Qualified immunity shields public officials from damages for civil liability so long as they did not violate an individual's "clearly established" statutory or constitutional rights.
The immunity is available to state or federal employees, including law enforcement officers, who are performing their jobs. As a result, if a state or federal employee violates an individual's federal constitutional rights, that employee is protected from liability if he or she did not violate rights spelled out by a "clearly established" law.
Why are these protections available? The goal of the immunity is to allow state and federal employees to perform their responsibilities without fear of being sued by individuals who may suffer injuries.
When can an official use qualified immunity?
The defense of qualified immunity turns on the reasonableness of the act at issue. The law asks if a "reasonable person" in the defendant's position would have known that his or her actions violated clearly established law. Whenever the answer to that question is "no," qualified immunity kicks in.
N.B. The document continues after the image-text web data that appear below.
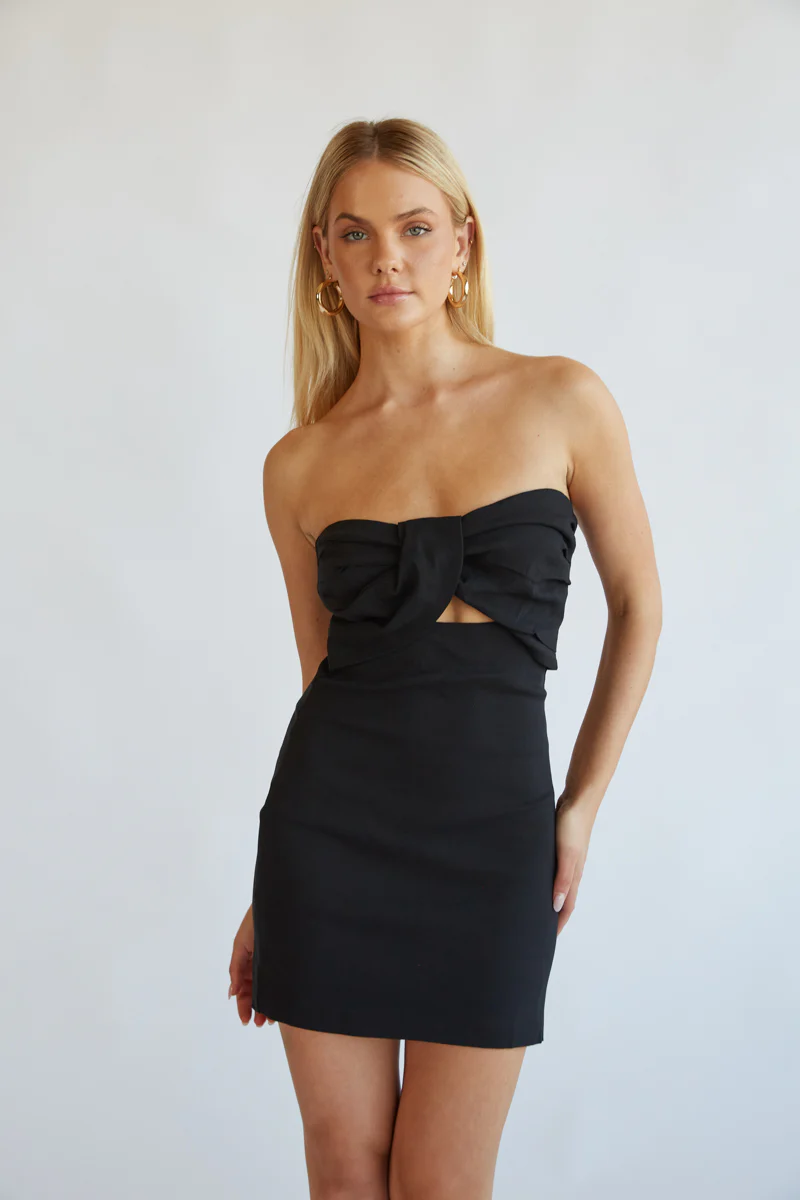 Kynlee Twist Front Mini Dress - luluinthesky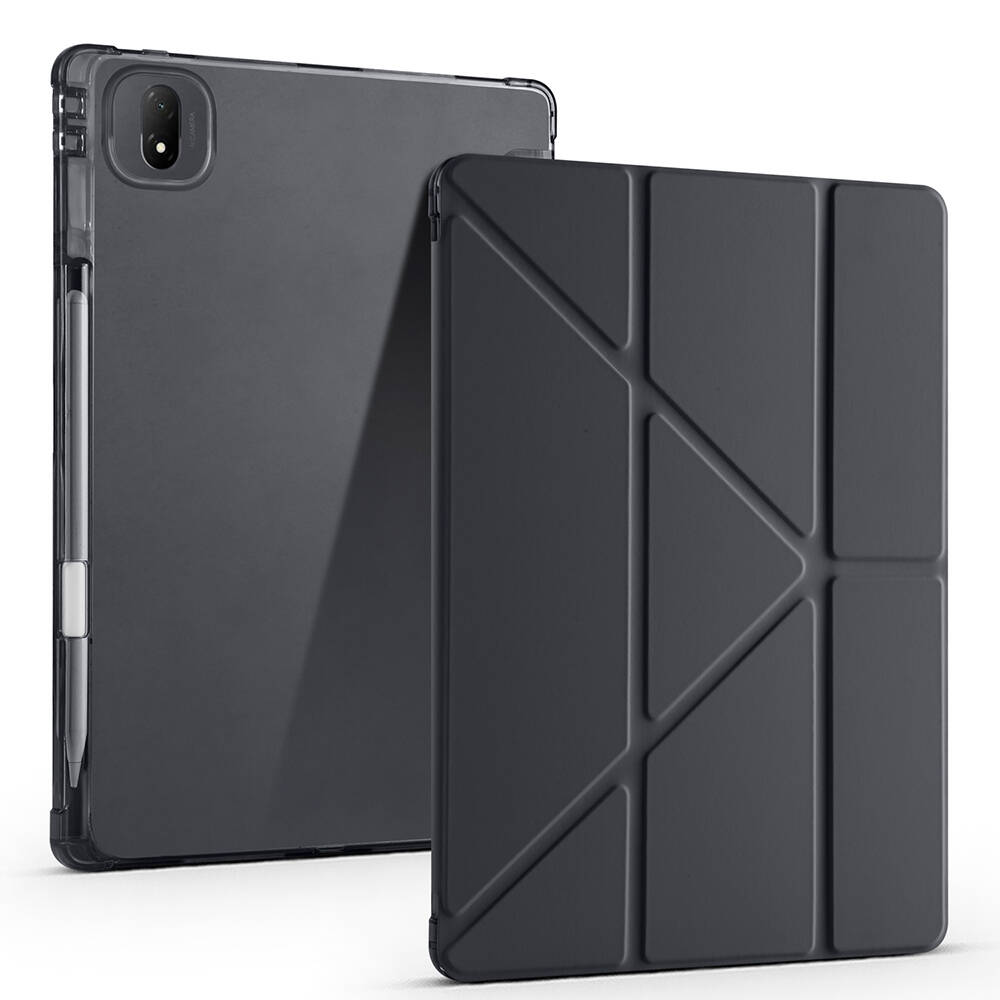 Honor Pad GT Pro Kılıf Zore Tri Folding Kalem Bölmeli Standlı Kılıf - 5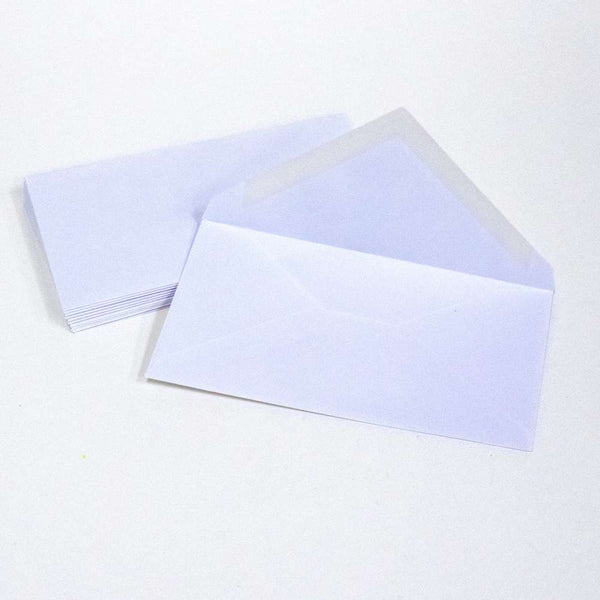 White Simple Blank Wordless Envelope Saliva Glue 4*9 - Temu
How does qualified immunity affect lawsuits?
In essence, qualified immunity gives civil servants a legal cushion. They have a margin of error "when they navigate uncharted areas at the margins of constitutional criminal law," according to the case of Tarantino v. Baker. The practical effect: Officials get sued less.
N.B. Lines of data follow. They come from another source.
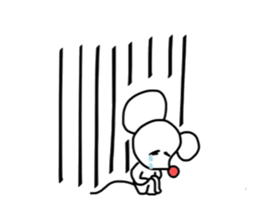 Pure white mouse (English Ver.) sticker #3750571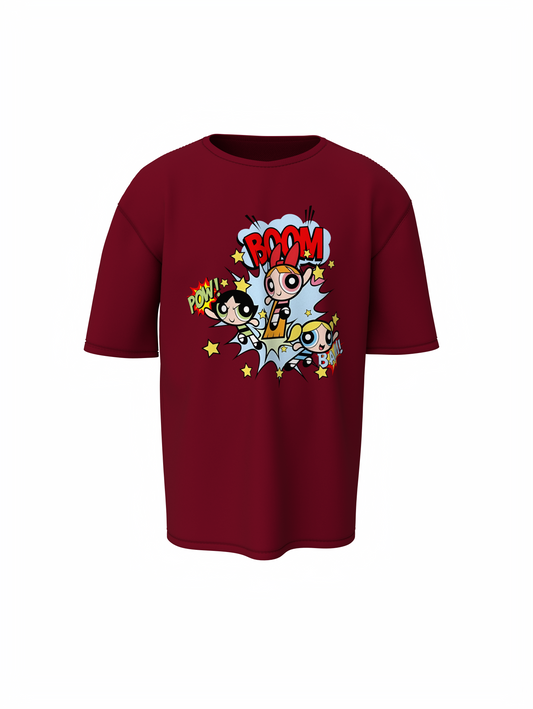 Power Puff Oversized T-Shirt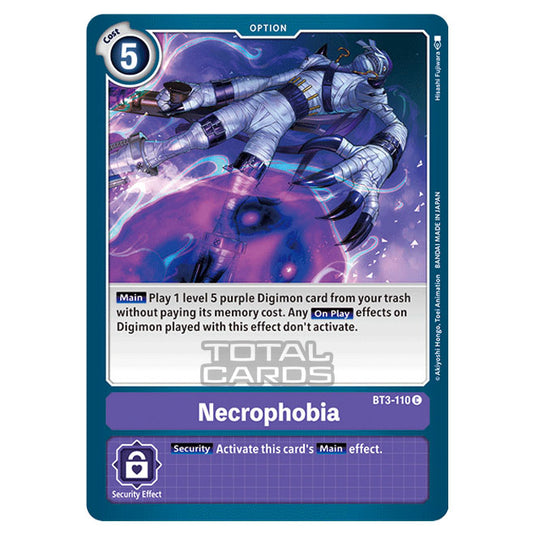 Digimon Card Game - Release Special Booster Ver.1.5 (BT01-03) - Necrophobia (Common) - BT3-110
Though qualified immunity is broad, it is not meant to be an absolute protection for everything a federal or state employee might do. Even while acting in the scope of their employment, federal, state, and local officers can still be sued for intentionally violating a person's constitutional rights. The theory of qualified immunity requires that an official act in good faith and with due care.
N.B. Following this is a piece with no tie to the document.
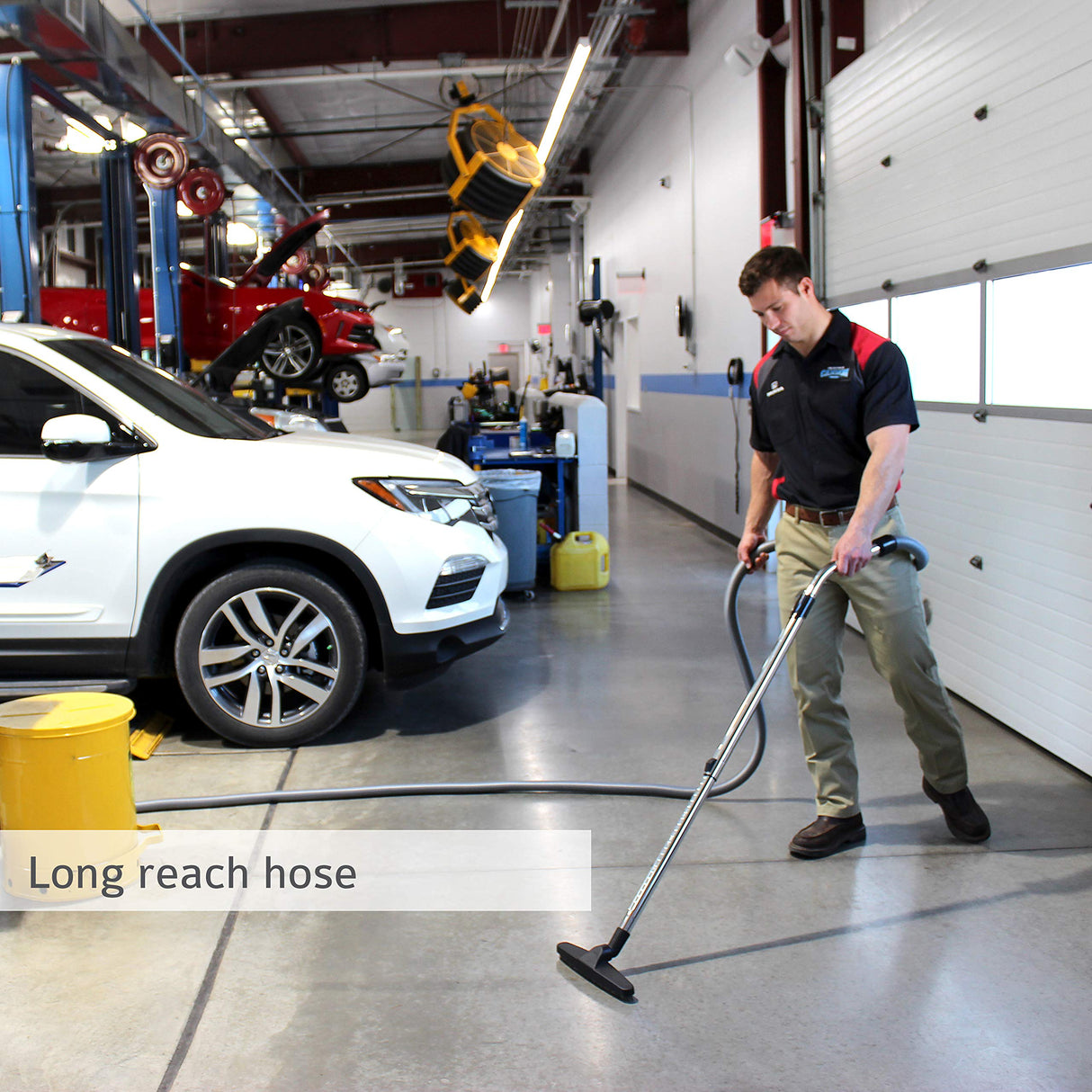 VacuMaid GV50PRO Wall Mounted Garage and Car Vacuum with 50 ft. Hose and Tools. VacuMaid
However, whether qualified immunity prevents more lawsuits than it should is a hotly contested issue:
An open-ended topic
The legal community is split on the value of qualified immunity. Scholars opposed to qualified immunity believe holding officials liable would lead to fairer compensation for victims and better accountability of law enforcement. Others in favor of qualified immunity fear that greater official liability would reduce the government's efficiency and lead to less recognition of constitutional violations.